I tasted bourbon and promises on his lips, felt weeks of careful control dissolve under the patient exploration of his mouth.
When we finally broke apart, breathing hard, I felt exposed in ways that had nothing to do with clothing.
"Gemma," he started, but I pressed a finger to his lips.
"Don't," I whispered. "Don't make it more than it is. Not tonight. Just... let it be this."
He studied my face for a long moment, then nodded. But when he pulled me against his chest, when I felt his heart racing to match mine, I knew we were both lying. This was already more. Had been more since that first tutoring session, maybe since that first confrontation at the tutoring center.
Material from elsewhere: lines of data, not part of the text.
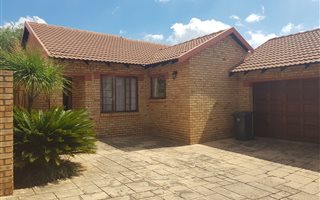 3 Bedroom House in Thatchfield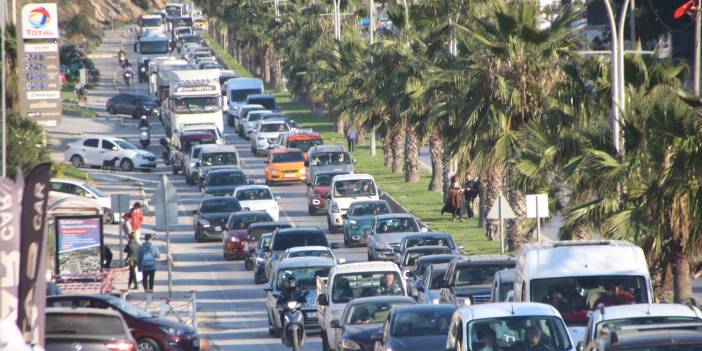 Muğla Bodrum'da yeni yıl yoğunluğu! Binlerce araç ilçeye geldi, denetimler sıklaştı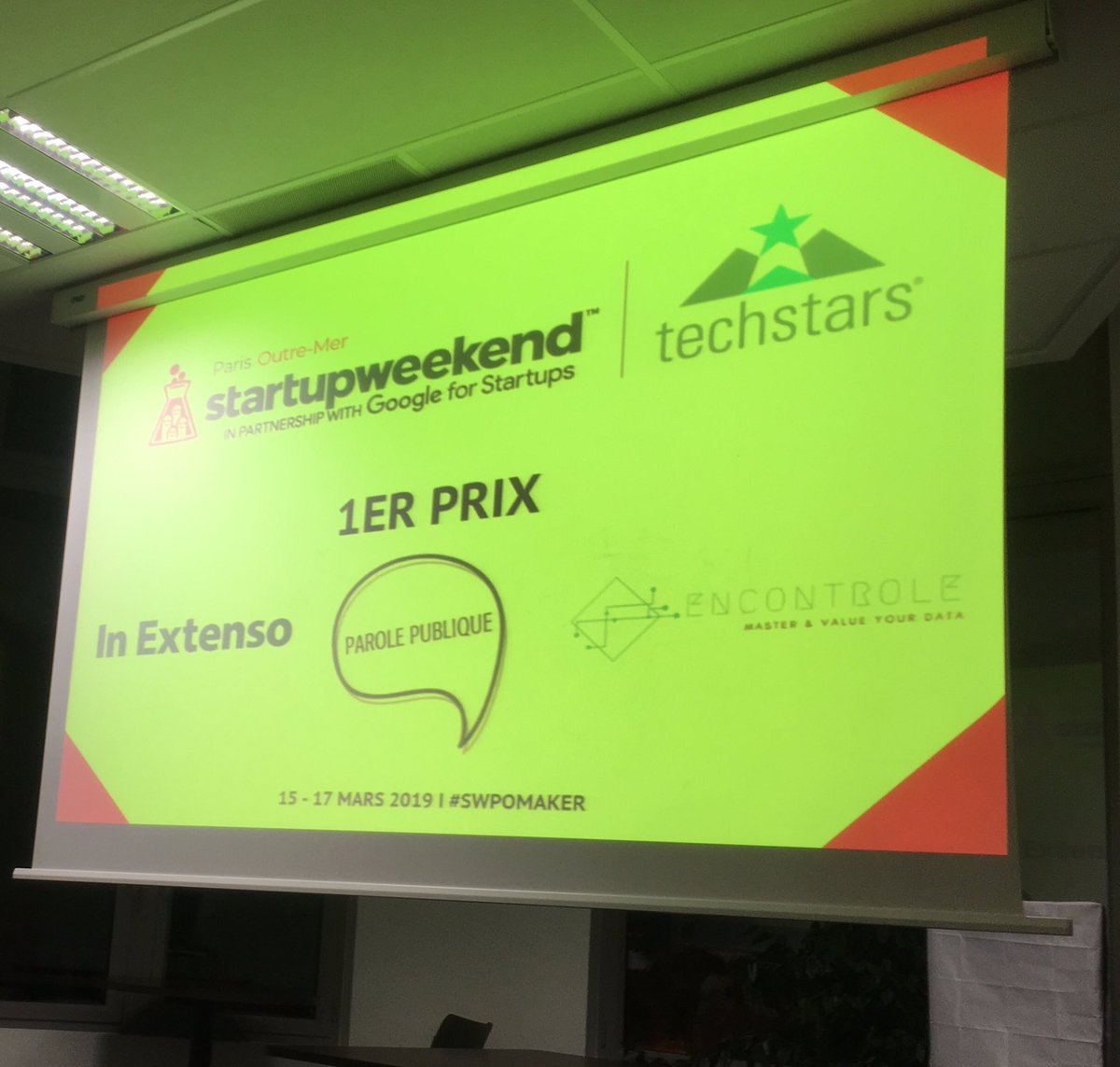 SWoutremer's tweet photo. 🔝 Et le 1er Prix🥇du #StartupWeekend #SWPOMAKER offert par l’@inextensofr #ParolePublique et #EnControle est attribué à la #Team #Helioceanos !  #EnergiePropre #Écologie 👏🏾👏🏾👏🏾 @TechstarsParis @sweparis @ebs_Paris @ewagmedia @LaTribune @EchosStart #NoTalk #AllAction #SWPOMAKER https://t.co/5pBvwgHKNO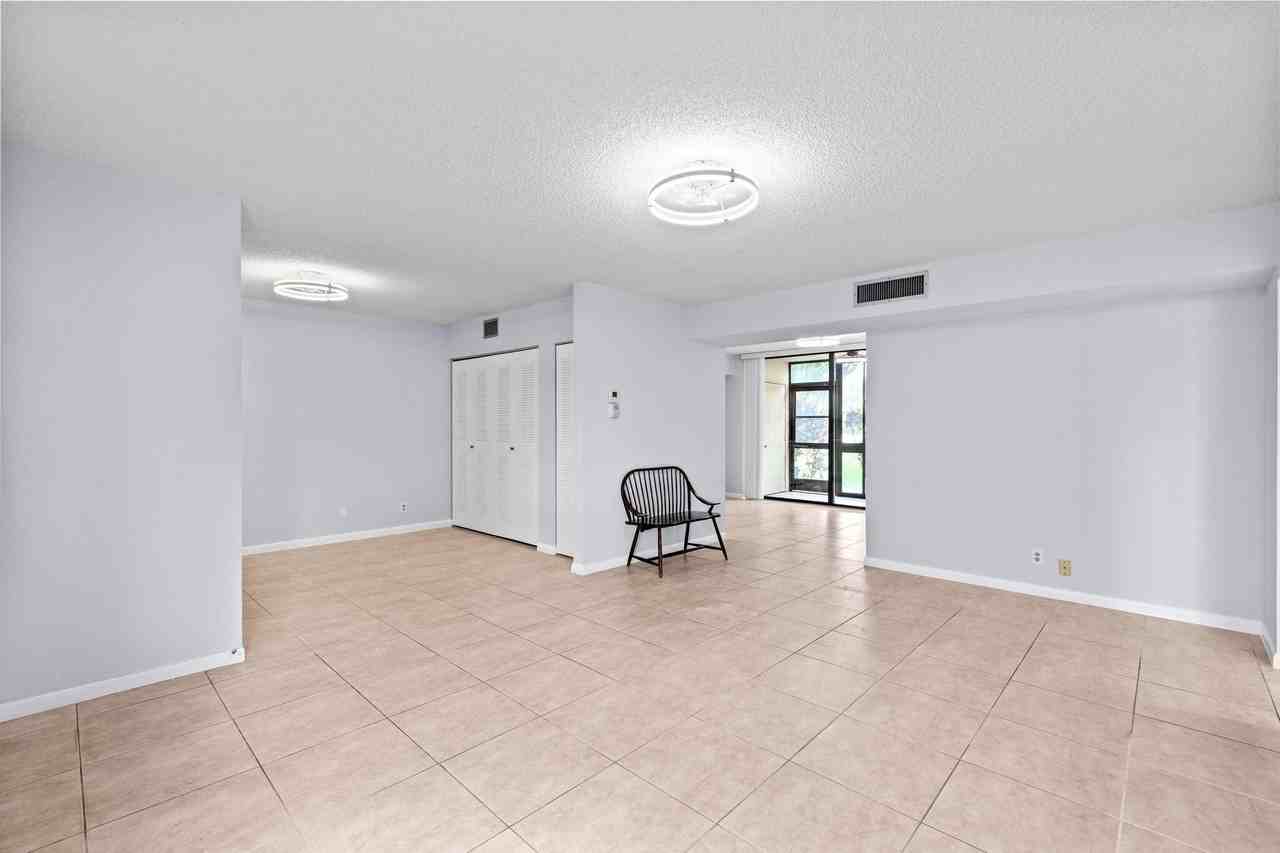 5310 Las Verdes Cir Apt 106 - Photo 4 of 48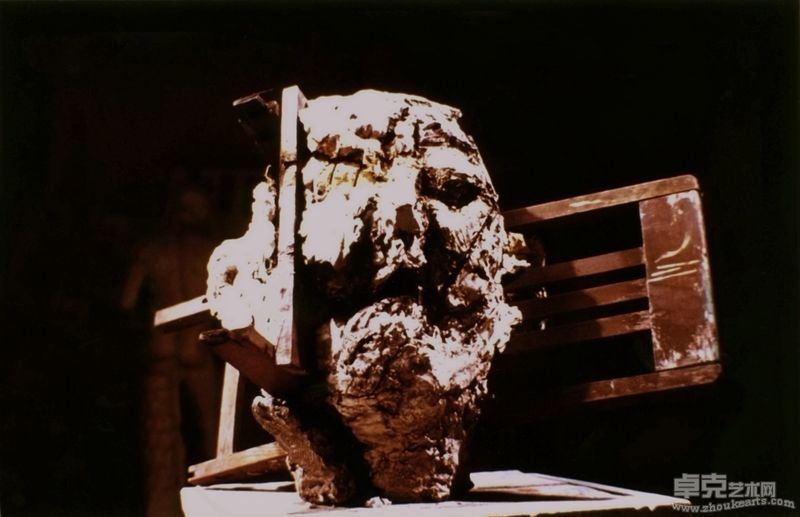 隋建国作品：Balance keeping potrait,furnature and plaster,1989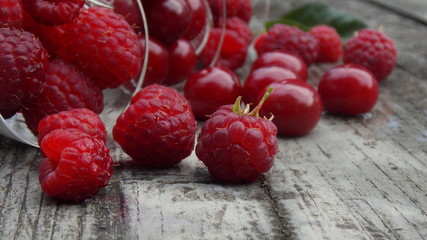 Урожай из малины и вишни
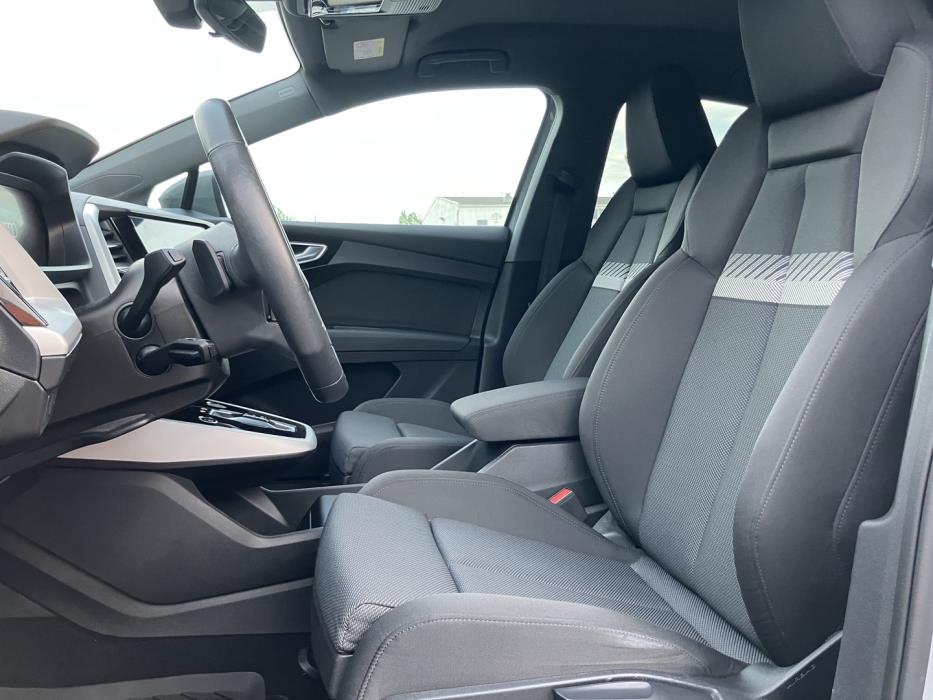 AUDI Q4 e-tron 2023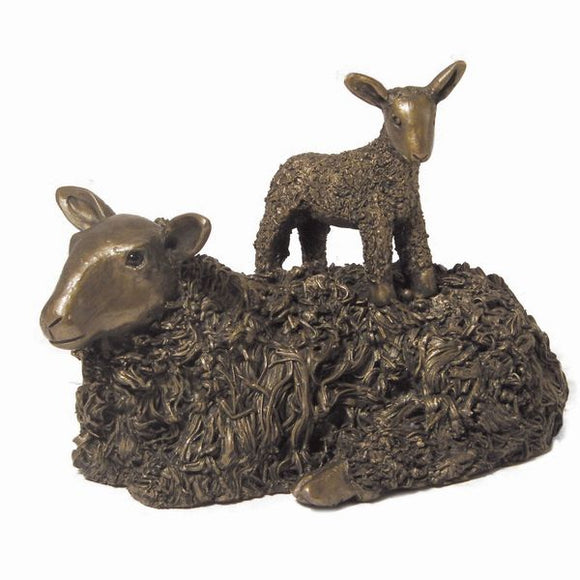 Frith Sculptures  Ewe and lamb - Gifteasy Online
We fell asleep like that, tangled together like we'd been doing it for years instead of minutes. His arms around me felt like safety I'd never known.
When morning came, bringing weak sunlight and the sounds of our friends stirring, we woke slowly. That soft, unguarded moment before full consciousness, where his lips pressed to my temple and I burrowed closer.
Then reality crashed in. We sprang apart like guilty teenagers, avoiding eye contact as we gathered our things. The drive home was full of careful distance and studied casualness, everyone pretending not to notice the way Liam and I couldn't look at each other.